[Numpy-discussion] 2D binning

Wed Jun 2 01:15:39 EDT 2010

On Tue, Jun 1, 2010 at 1:51 PM, Wes McKinney <wesmckinn at gmail.com> wrote:
> On Tue, Jun 1, 2010 at 4:49 PM, Zachary Pincus <zachary.pincus at yale.edu> wrote:
>>> Hi
>>> Can anyone think of a clever (non-lopping) solution to the following?
>>>
>>> A have a list of latitudes, a list of longitudes, and list of data
>>> values. All lists are the same length.
>>>
>>> I want to compute an average  of data values for each lat/lon pair.
>>> e.g. if lat[1001] lon[1001] = lat[2001] [lon [2001] then
>>> data[1001] = (data[1001] + data[2001])/2
>>>
>>> Looping is going to take wayyyy to long.
>>
>> As a start, are the "equal" lat/lon pairs exactly equal (i.e. either
>> not floating-point, or floats that will always compare equal, that is,
>> the floating-point bit-patterns will be guaranteed to be identical) or
>> approximately equal to float tolerance?
>>
>> If you're in the approx-equal case, then look at the KD-tree in scipy
>> for doing near-neighbors queries.
>>
>> If you're in the exact-equal case, you could consider hashing the lat/
>> lon pairs or something.
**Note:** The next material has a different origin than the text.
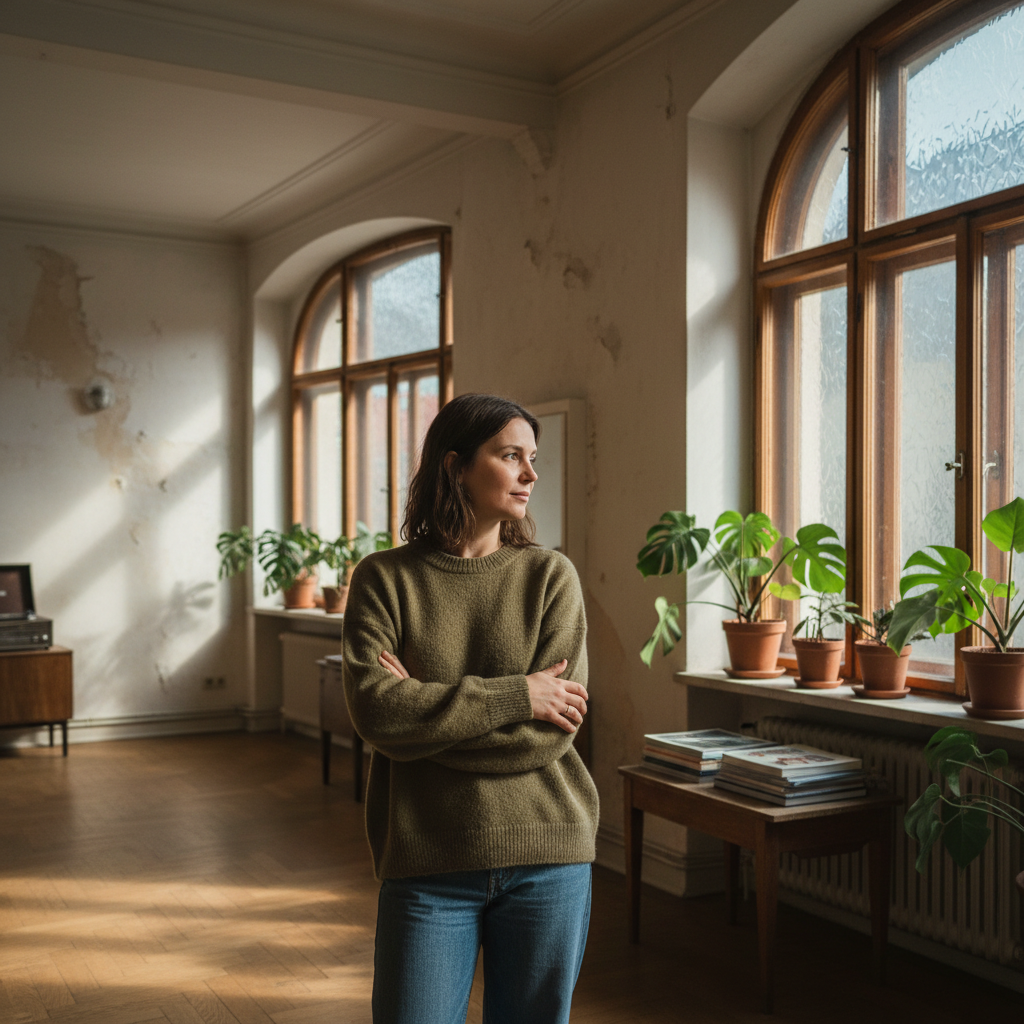 Portrait of Nadia Kovács, Kreuzberg Altbau tenant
At least then the looping is O(N) and not
>> O(N^2):
>>
>> import collections
>> grouped = collections.defaultdict(list)
>> for lt, ln, da in zip(lat, lon, data):
>>   grouped[(lt, ln)].append(da)
>>
>> averaged = dict((ltln, numpy.mean(da)) for ltln, da in grouped.items())
>>
>> Is that fast enough?
>>
>> Zach
>> _______________________________________________
>> NumPy-Discussion mailing list
>> NumPy-Discussion at scipy.org
>> http://mail.scipy.org/mailman/listinfo/numpy-discussion
>>
>
> This is a pretty good example of the "group-by" problem that will
> hopefully work its way into a future edition of NumPy. Given that, a
> good approach would be to produce a unique key from the lat and lon
> vectors, and pass that off to the groupby routine (when it exists).
> _______________________________________________
> NumPy-Discussion mailing list
> NumPy-Discussion at scipy.org
> http://mail.scipy.org/mailman/listinfo/numpy-discussion
>

meanwhile groupby from itertools will work but might be a bit slower
since it'll have to convert every row to tuple and group in a list.

import numpy as np
import itertools

# fake data
N = 10000
lats = np.repeat(180 * (np.random.ranf(N/ 250) - 0.5), 250)
lons = np.repeat(360 * (np.random.ranf(N/ 250) - 0.5), 250)

np.random.shuffle(lats)
np.random.shuffle(lons)

vals = np.arange(N)
#####################################

inds = np.lexsort((lons, lats))

sorted_lats = lats[inds]
sorted_lons = lons[inds]
sorted_vals = vals[inds]

llv = np.array((sorted_lats, sorted_lons, sorted_vals)).T

for (lat, lon), group in itertools.groupby(llv, lambda row: tuple(row[:2])):
    group_vals = [g[-1] for g in group]
    print lat, lon, np.mean(group_vals)

# make sure the mean for the last lat/lon from the loop matches the mean
# for that lat/lon from original data.
tests_idx, = np.where((lats == lat) & (lons == lon))
assert np.mean(vals[tests_idx]) == np.mean(group_vals)